Four Minutes
I turn my phone over in my hands, finding something soothing in the way its weight shifts around and around. I turn it on once, glance down at the screen, and look back up again. A second passes, and I realize I had turned it on to look at the time, but my eyes had skimmed right past the display. I do it again, consciously this time, and note: 11:07. Eleven-oh-seven. Eleven-oh-seven. I spin the phone around some more, let the plastic corners hit against my left thigh, and when the shiny black screen is facing me I flick the power button to bring it back to life again. Eleven-oh-eight. Eleven-oh-eight.

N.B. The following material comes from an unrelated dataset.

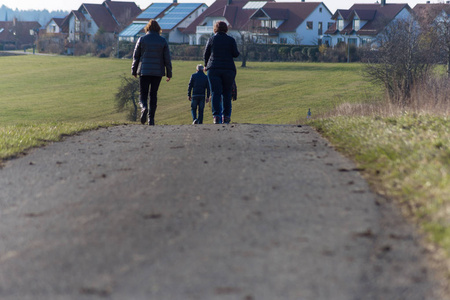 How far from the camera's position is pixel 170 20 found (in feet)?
378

I had stopped shaking at some point, the jitters swapped out with this bone-deep numbness that makes me feel like my skin has been replaced by an all-over woolly blanket. My throat hurts. I had been shouting, screaming, but I can’t remember the details. I can see her face, slack and pale, but what I was thinking…
I flip my phone around. Power button. Eleven-oh-nine.

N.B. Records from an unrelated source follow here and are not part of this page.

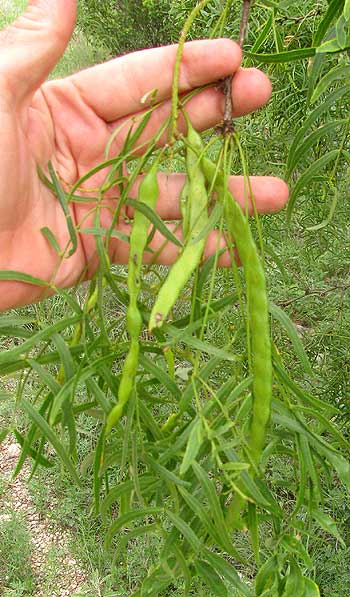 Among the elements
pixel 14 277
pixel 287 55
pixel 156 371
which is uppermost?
pixel 287 55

No one else is with me. My only companions are a potted rubber fig tree in the corner and seven other plastic chairs and the masking scent of lemon floor cleaner. There’s something suspicious about that scent in hospitals, something that brings to mind the unpleasantness it’s covering up. Lemon floor cleaner in a school or an office building or a shopping mall is just clean floors. Lemon floor cleaner in a hospital is hiding something.

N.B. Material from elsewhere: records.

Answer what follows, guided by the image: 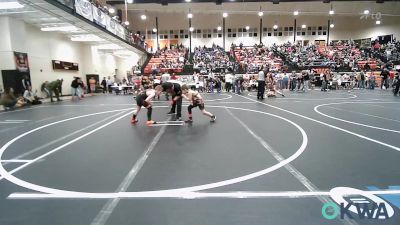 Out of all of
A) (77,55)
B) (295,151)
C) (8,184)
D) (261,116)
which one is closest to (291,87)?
(261,116)

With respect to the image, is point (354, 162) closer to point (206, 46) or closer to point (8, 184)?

Flip. Power button. Eleven-ten.
The floors are nice, though. Shiny tiles that reflect back the fluorescent lights from above. It’s good that they’re tiles. Easier to spread out that lemon floor cleaner and wipe away all that unpleasantness. Carpeting would really be a bitch to clean in a place like this.
Flip. Power button. Eleven-eleven. Make a wish.
I wish…
The door opens. I hadn’t heard any footsteps in the hall, but here’s the doctor: tall, professional. Grim. I have stopped flipping my phone around and around, instead clutching it tightly in my hand as the doctor’s words wash over me. Maybe I press the power button, too, but I don’t look at the screen. I don’t know what time it is. I only see her face.
My woolly-blanket skin has gone all hot and cold with agony and the doctor is saying something apologetic but I have stopped listening. Nausea is crawling up from my stomach and I’ve started shaking again.
It’s very good that the floors are tiles.